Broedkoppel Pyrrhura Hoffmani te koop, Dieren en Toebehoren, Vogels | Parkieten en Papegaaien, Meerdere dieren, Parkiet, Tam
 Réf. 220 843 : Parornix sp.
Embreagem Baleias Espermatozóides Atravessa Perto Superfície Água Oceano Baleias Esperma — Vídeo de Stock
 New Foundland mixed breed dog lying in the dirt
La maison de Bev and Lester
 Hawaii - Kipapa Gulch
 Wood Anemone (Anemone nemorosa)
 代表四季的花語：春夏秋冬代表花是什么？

○ ○ ○

- Problem statement -
Word for word, retype the lines from the one containing "Wood Anemone (Anemone nemorosa)" through the final line of the data, including both ends and nothing more.

- Reply -
 Wood Anemone (Anemone nemorosa)
 代表四季的花語：春夏秋冬代表花是什么？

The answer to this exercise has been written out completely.